The drill, with firefighters working to pull someone -- or themselves --through such a hole also bears the name of Nance.
"You're going to have to deal with it," Lee told the trainees. "You're doing these drills because somebody lost his life. When you get in this situation, we want you to revert back to your training. And we train you to be as safe as we can."
McDonald and Lee moved the drill to a different room of the house after thinking the floor in an addition wasn't structurally stable.
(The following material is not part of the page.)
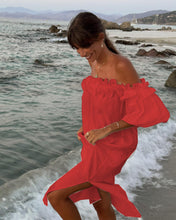 Load image into Gallery viewer, Solid Color Cotton Linen Sexy of Neck Split Holiday Dress Women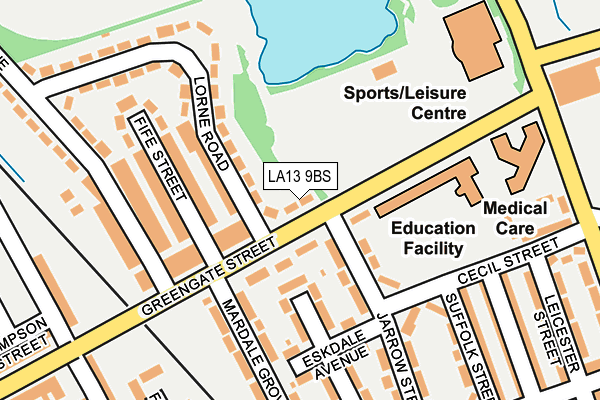 LA13 9BS map - OS OpenMap – Local (Ordnance Survey)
After the students cut a hole in the floor, Carson Ricker got the call. His classmates raised and lowered him through the floor for much of the morning. He straddled a charged hose line. He was cradled in the hose line. And, with webbing firefighters carry in the pockets of their turn-out gear, they hooked him through the straps of his air pack.
They pulled him out like he was awake and talking, unconscious or dead.
Ricker's escape from the hole was very unceremonious as the trainees knocked his helmet on the side of the hole. One of his classmates reached out a gloved hand to guide Ricker's head through the hole.
Then they ungracefully heaved him out and threw him on the floor.
"See there are bunch of different ways to do everything," Lee told them. "If one way doesn't work, you can try another. There are a hundred different ways to do everything. They are all very simple and all very quick."
All the probationary firefighters got their own rides through the hole that day.
"Your very first shift, this could happen," Lee said.